Recitation 3 latex source
This file is provided to help students create crib sheets
in latex if they wish. Some formatting was removed for clarity.
It is missing some macros, but you can figure out what they are
by looking at the pdf image. It is not a working latex file.
\chapter{Recitation 03: CFLs, TMs, T-recognizability, Decidability}
In today's recitation, we will review some things about CFLs and gain more
practice working with Turing Machines.

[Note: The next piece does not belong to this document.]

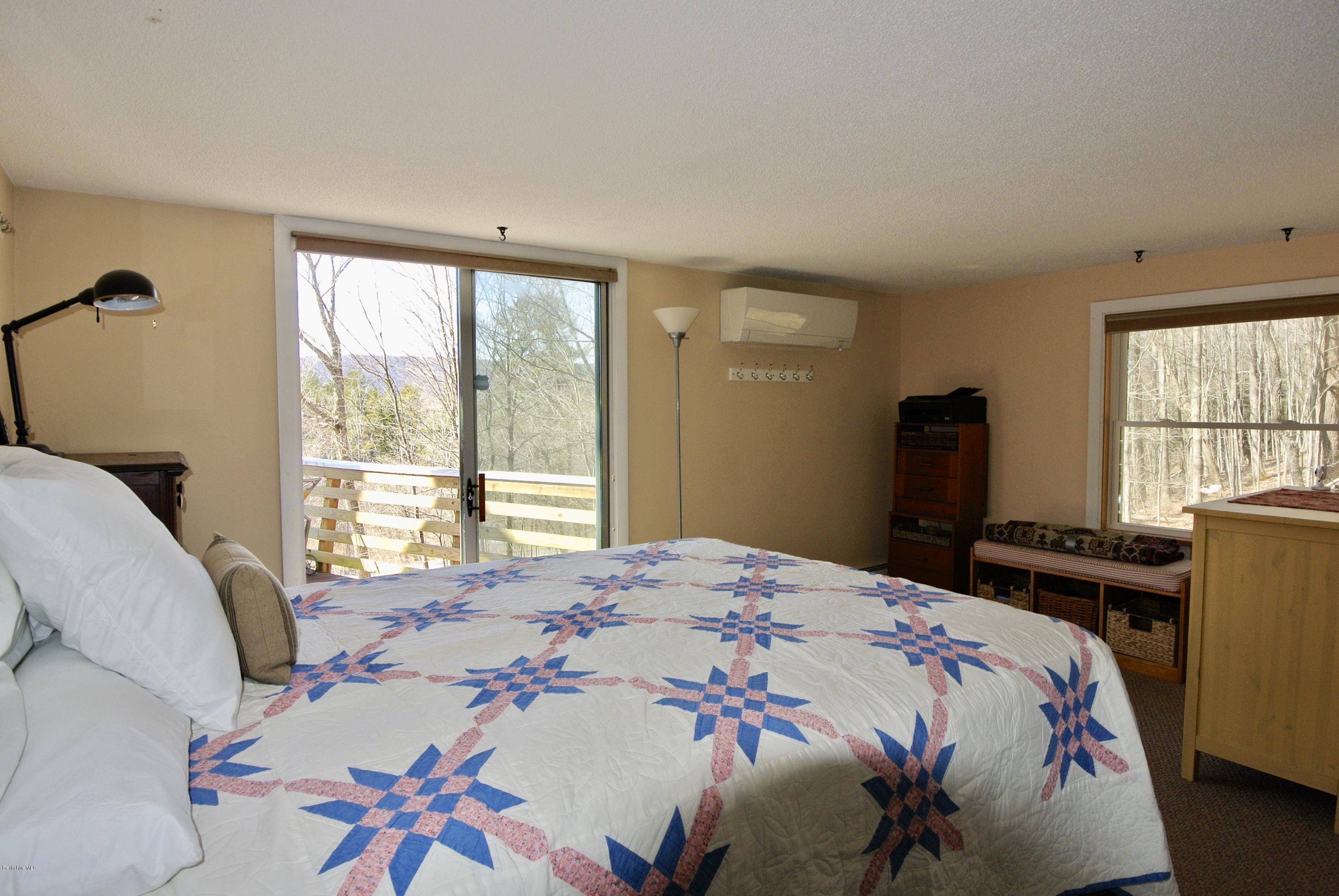 6 Mahkeenac Road Stockbridge, MA 01262 - Photo 14 of 20 a bedroom with a bed and a table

First we will review closure properties for CFLs and do an example problem with the pumping lemma for CFLs, then we'll review the TM variants that
we saw in class this week and finally we'll work through a few examples for showing
that a language is Turing-decidable. We will also learn about closure properties
for Turing recognizable and decidable languages.
\section{Context Free Languages (CFLs)}
We saw in class that a CFL is a language generated by a CFG (context free grammar) or a language recognized by a PDA (push down automata).
\begin{theorem}
(CFL Closure Properties) Let $A$ and $B$ be CFLs. Then $A \cup B$, $A \circ B$ and $A^*$ are CFLs
(closure under $\cup$, $\circ$, and $*$).
\end{theorem}
\begin{proof}
Let $A$ and $B$ be recognized by PDAs $P_A$ and $P_B$ or generated by grammars with start state $G_A$ and $G_B$, respectively.
\begin{itemize}
\item For $\cup$, we can use the non-determinism of a PDA to guess which language the input is from and run $P_A$ or $P_B$ on the input. Or using CFGs, we can construct a grammar with an initial rule $S \rightarrow G_A | G_B$.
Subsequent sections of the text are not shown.